The job of parenthood is too much to expect of feebleminded men and women.
“Morons,” the league called them. The Human Betterment League made social workers and doctors and public officials feel like humanitarian heroes for sterilizing people. The message spread to many states post-World War II, but Mecklenburg County’s eugenics effort had something even more.
Kuralt: Steralization As Birth Control
There’s a common thread in the case files from the summer of 1955: Many of them note that the sterilization proceedings were instituted by a man named Wallace H. Kuralt. He was the head of Mecklenburg County public welfare from 1945 until 1972 — the name may sound familiar because his son Charles was a famous journalist for CBS.

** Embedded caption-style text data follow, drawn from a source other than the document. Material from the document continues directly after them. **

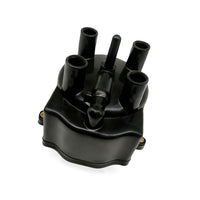 Distributor Cap Suitable for Toyota Corolla Celica Camry 1986-1992 19101-11060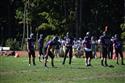 DSC_0543(2)-131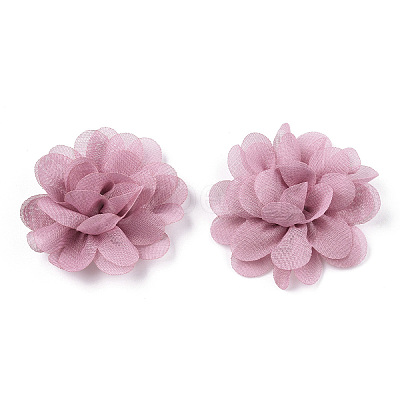 Lace Costume Accessories OHAR-Q142-15-1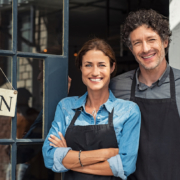 cfo services for small business and business owners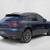 2016 Porsche Macan AWD All Wheel Drive S SUV 5 thumbnail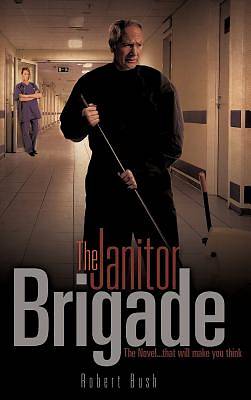 Picture of The Janitor Brigade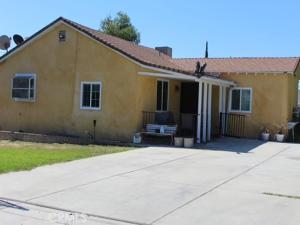 MLS #CV26106868 image #0
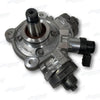 0445010813 New Common Rail Bosch Cp4 Pump Audi/Vw 3.0Ltr (Outright) Diesel Injector Pumps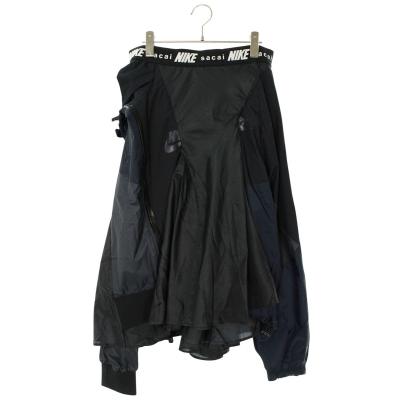 sacai nike スカートのおすすめ人気商品一覧 通販 - Yahoo!ショッピング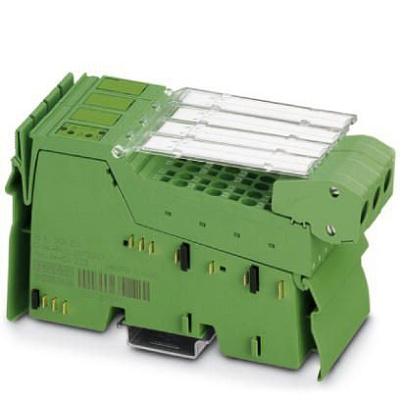 IB IL SGI 2/P/EF-PAC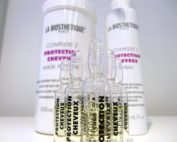 La Biosthetique Olaplex PCC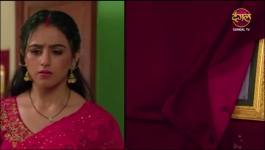 Pati Brahmachari - 8th July 2026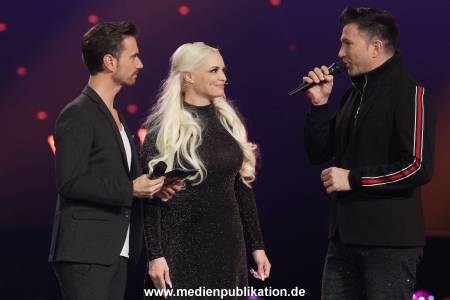 Schlager Champions 11012020 271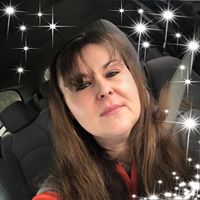 Christina Mcpherson's profile image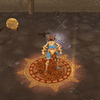 Click image for larger version. 

Name:	god_deluxe.gif 
Views:	2101 
Size:	1.56 MB 
ID:	254351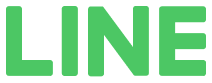 LINE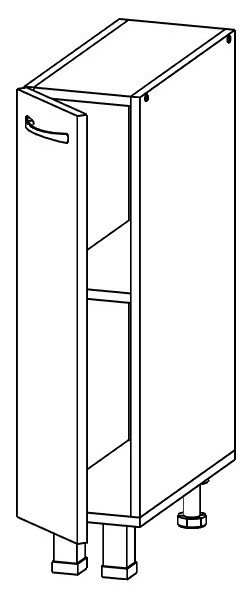 ЕВА С 200 ЕВА С 200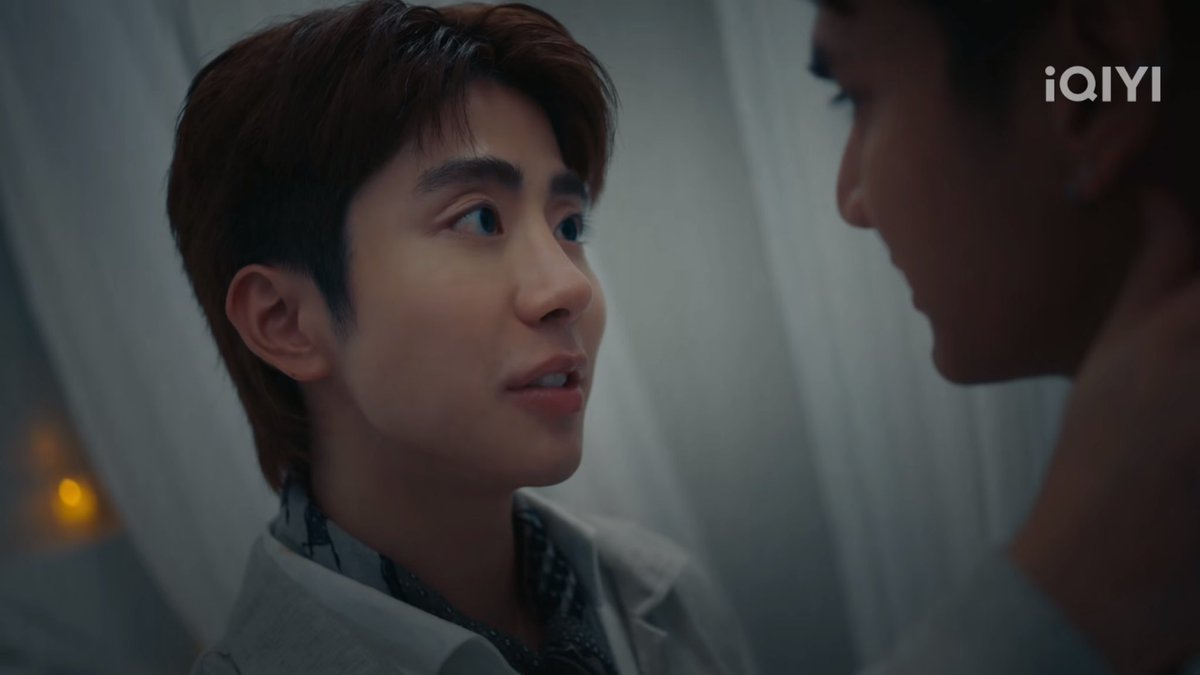 คุณดลกับคุณตากล้องงงงง อ๊ากกกกก 

#RELOVED_OtherwiseUS

RELOVED THE SERIES OTHERWISE US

Kuralt did not believe women should be sterilized against their will. He was a champion for reproductive rights. He wanted to help women keep from getting pregnant when they couldn’t afford the children they already had.
But this was the ’50s: Abortion was illegal, and the birth control pill wasn’t available. Existing methods for women were complicated or unreliable. Having your tubes tied, on the other hand, was very reliable.
Kuralt knew his welfare clients couldn’t afford to pay a doctor for sterilization, but if he referred them to the Eugenics Board, the government would pay.
Consider this case Kuralt initiated:
Married female, age 38. Two children. Currently pregnant. She wandered out into the woods to have her last child. They sleep on corn shucks and cotton piled in the corner. This couple came to the Welfare Department to request sterilization for the woman.
A Question Of Consent
Such requests did happen, though we’ll never know if that woman truly wanted sterilization. Some social workers coerced consent out of women by threatening to withhold welfare benefits.
“Kuralt claimed that nobody in Mecklenburg County ever got sterilized against their will,” says Rutgers researcher Johanna Schoen, who spoke to Kuralt in the early 1990s a few years before he died.
Schoen says she doesn’t know whether Wallace Kuralt read all the petitions.
“I mean in the larger scheme of things, of running the department of public welfare in Mecklenburg County, reading the petitions for eugenic sterilizations probably was a relatively small thing,” she says.
However, it was certainly not small to the hundreds of people forced into sterilization by those petitions. Kuralt may have had noble intentions, but not all of his social workers did — and they were the ones in the field. Plus, those Human Betterment League brochures were everywhere.
In 1960, Kuralt didn’t need the Eugenics Board anymore after the Pill came on the scene. He opened a family planning clinic and gave out free birth control pills; sterilization referrals from Mecklenburg County dropped off dramatically.
Finally, in 1974, the Eugenics Board was quietly disbanded. And 37 years later, state officials have now decided to try to compensate some 3,000 or so Eugenics Board victims thought to be still alive. The question they’re struggling with is, “How much money could possibly make things right?”